Following the revelations about the mistreatment of children at Medway secure training centre in Kent, Clarke inspected other prisons holding 764 children in February and was so shocked by the findings that he raised them privately with ministers.

“In early 2017, I felt compelled to bring to the attention of ministers my serious concerns about the findings in the youth estate. By February 2017, we concluded that there was not a single establishment that we inspected in England and Wales in which it was safe to hold children and young people. This is the first time this has been the case,” he said.

“The speed of decline has been staggering. There seems to have been something of a vicious circle. Violence leads to a restrictive regime and security measures that in turn frustrate those being held there. We have seen regimes where boys take every meal alone in their cell, where they are locked up for excessive amounts of time, where they do not get enough exercise, education or training, and where they do not have any credible plans to break the cycle of violence.”

The Ministry of Justice responded to his private warning by announcing that a new youth custody service – a distinct arm of the Prison Service – would take over the running of the youth estate, but Clarke said only time will tell if this can improve the situation.

Since February, Clarke said, he has inspected one young offender institution that was rated reasonably good, but “there is an awful long way to go”.

The chief inspector’s assessment of adult prisons found a 38% increase in assaults on staff, suicides doubling since 2013 to 113, and 21 out of 29 local and training prisons rated poor or not sufficiently good for safety.

Staffing levels in many jails are too low to keep order and maintain standards, he reported, with drugs, debt, bullying and self-segregation by prisoners looking to avoid violence commonplace. One in five inmates have developed a drug habit.

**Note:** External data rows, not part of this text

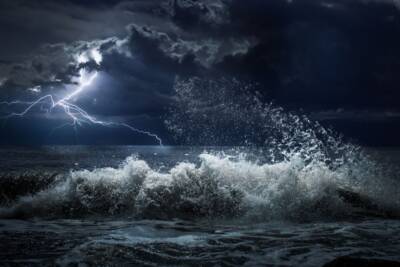tempesta nell'oceano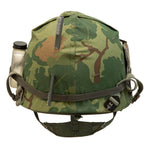 Casque Complet Vietnam US M1 avec ses accessoires vue arrière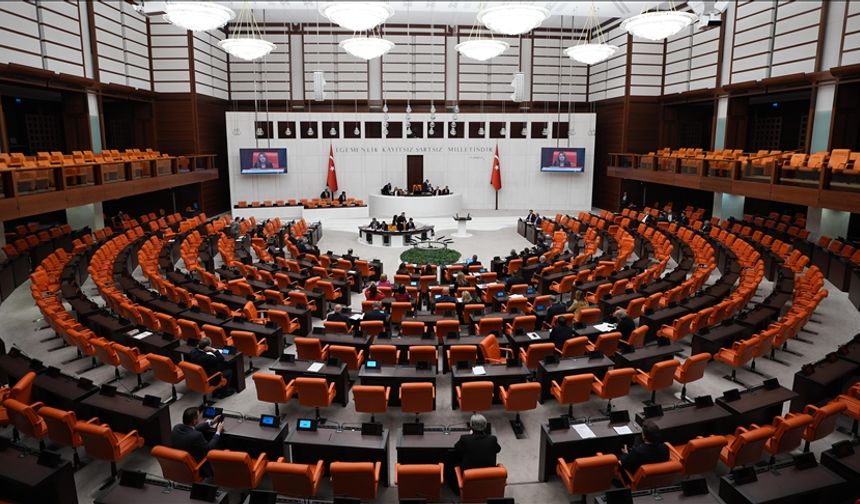 TBMM Başkanlık Divanı ve komisyon üyeleri belirlendi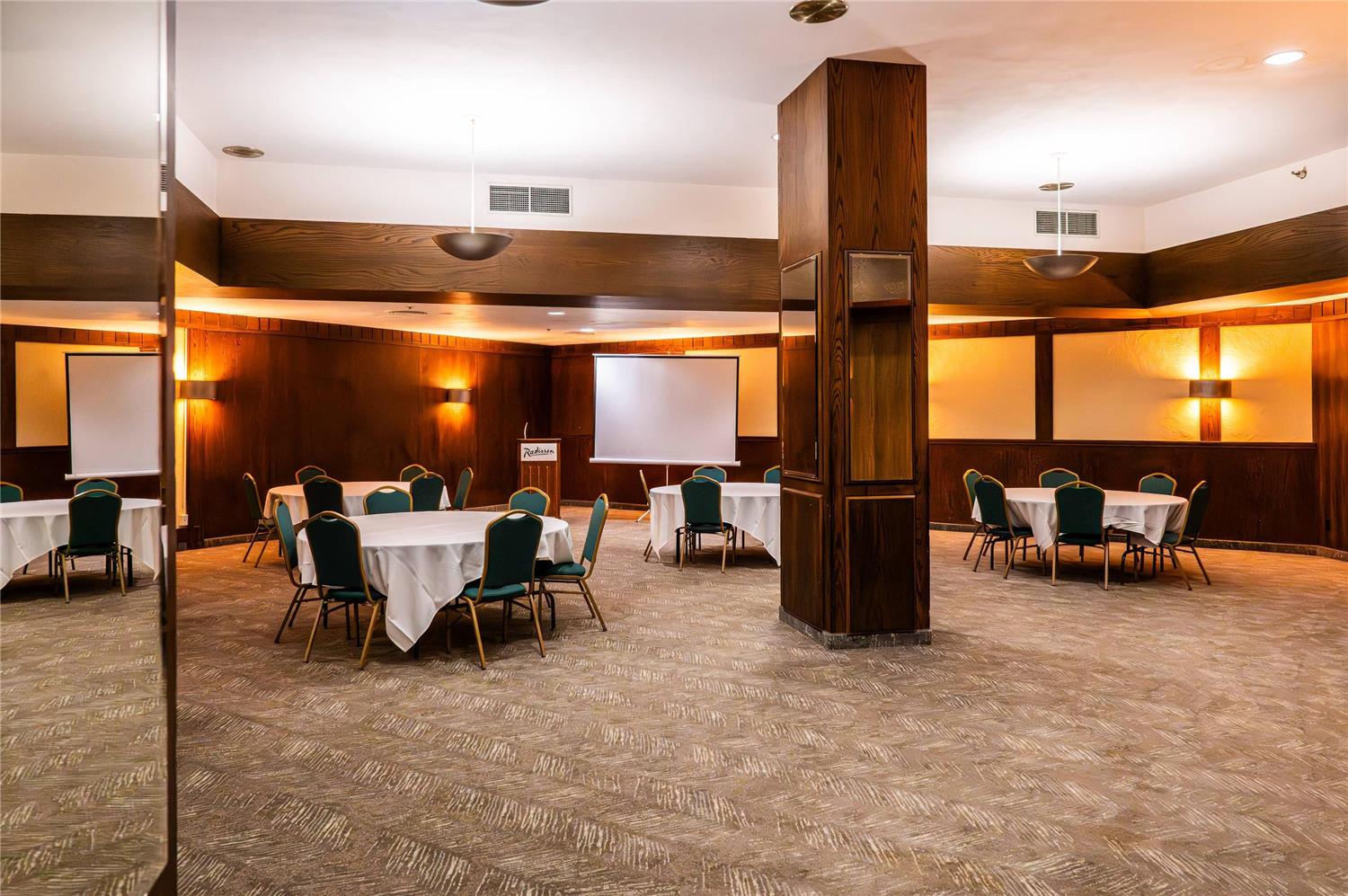 Фото Radisson Hotel Duluth - Harborview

“I have often been appalled by conditions in which we hold many prisoners. Far too often I have seen men sharing a cell in which they are locked up for as much as 23 hours a day, in which they are required to eat all their meals, and in which there is an unscreened lavatory,” Clarke said.

“On several occasions, prisoners have pointed out insect and vermin infestations to me. In many prisons I have seen shower and lavatory facilities that are filthy and dilapidated, but with no credible or affordable plans for refurbishment. I have seen many prisoners who are obviously under the influence of drugs.” The chief inspector added that he had personally witnessed violence among prisoners.

The situation is most acute in youth jails and at local and training prisons, with conditions better in women’s prisons and the high-security estate, Clarke said. But he added that change is overdue and described the weakening of the prison reform bill after the June general election as a setback.